VEGETABLE OIL-BASED FUELS, ADDITIVES AND COPRODUCTS
Location: Bio-oils Research Unit
Title: Biodiesel from Meadowfoam (Limnanthes alba L.) Seed Oil: Exceptional Oxidative Stability and Unusual Fatty Acid Composition
Submitted to: Energy and Environmental Science
Publication Type: Peer Reviewed Journal
Publication Acceptance Date: December 23, 2009
Publication Date: January 28, 2010
Citation: Moser, B.R., Knothe, G.H., Cermak, S.C. 2010. Biodiesel from Meadowfoam (Limnanthes alba L.) Seed Oil: Exceptional Oxidative Stability and Unusual Fatty Acid Composition. Energy and Environmental Science. 3:318-327.
Interpretive Summary: This research reveals that meadowfoam oil is acceptable as an alternative feedstock for biodiesel production. The objective of this study was to produce biodiesel from meadowfoam oil and evaluate its fuel properties, taking into consideration important biodiesel fuel standards. Meadowfoam biodiesel fuel was exceptionally stable to unwanted oxidative degradation. This result is important because normally one of the technical disadvantages of biodiesel versus petroleum diesel fuel is poor oxidative stability. These results will be important to biodiesel producers, distributors and end-users (customers) because a new biodiesel fuel was described that exhibits favorable fuel properties. This research may ultimately improve market penetration, availability and public perception of domestically produced agricultural fuels, such as biodiesel, thus affording greater national independence from imported petroleum-based fuels.
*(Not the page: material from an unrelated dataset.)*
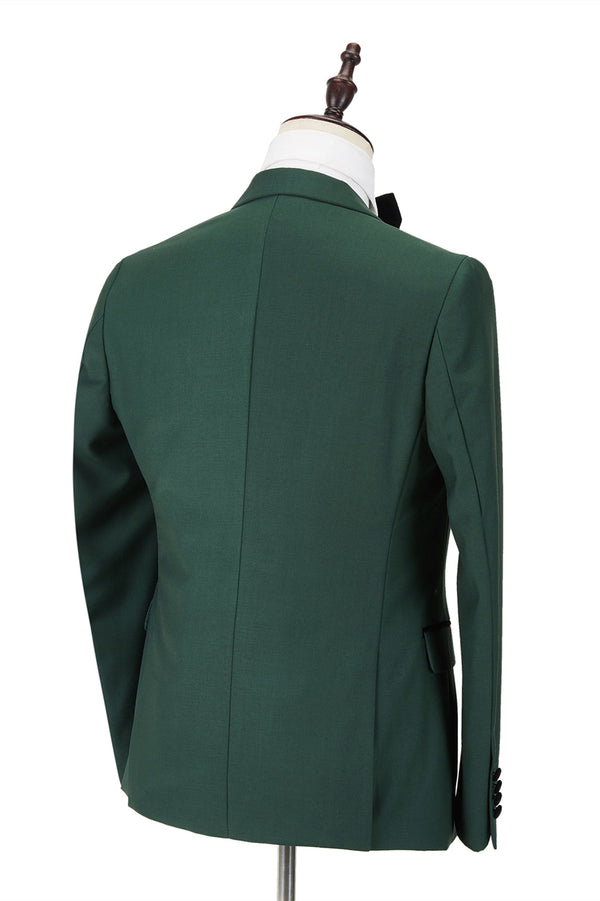 Black Peak Lapel Dark Green Men Wedding Suit Velvet Banding Edge Formal Suit-showprettydress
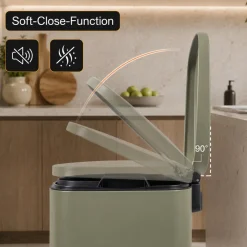 Mülleimer / Treteimer mit Soft Close Deckel - 50 Liter in Grün ^ MAXCRAFT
Meadowfoam (Limnanthes alba L.) seed oil methyl esters (MFME), prepared by a standard transesterification procedure using methanol and sodium methoxide catalyst from refined meadowfoam oil (MFO), were evaluated as a potential biodiesel fuel. MFME contains the unusual 5(Z)-eicosenoate (64.2 wt %) and 5(Z),13(Z)-docosadienoate (18.9 wt %). The cetane number of MFME, 66.9, is among the highest ever reported for a biodiesel fuel. In addition, MFME exhibited exceptionally high oxidative stability of 41.5 h by the Rancimat method. Kinematic viscosity was determined as 6.18 mm2/s. The cloud, cold filter plugging and pour points of MFME were determined as -6, -9, and -10 deg C, respectively. Blending MFME with soybean oil methyl esters (SME) provided kinematic viscosity and oxidative stability within ranges specified in biodiesel fuel standards ASTM D6751 and EN 14214. Other properties such as acid value, free and total glycerol content, as well as sulfur and phosphorous contents, were below limits specified in ASTM D6751 and EN 14214. Also reported are lubricity, heat of combustion and Gardner color. For sake of comparison of some fuel properties, MFME was also prepared from crude meadowfoam oil. The most conspicuous difference in fuel properties was the even greater oxidative stability of 71.6 h by the Rancimat method of MFME from crude MFO. Addition of MFME (from refined MFO) to petrodiesel improved lubricity of ultra-low sulfur petrodiesel while not adversely affecting oxidative stability and low temperature operability. In summary, MFME has unusual fuel properties as a result of its unique fatty acid composition and appears to be a satisfactory blend component for SME and petrodiesel.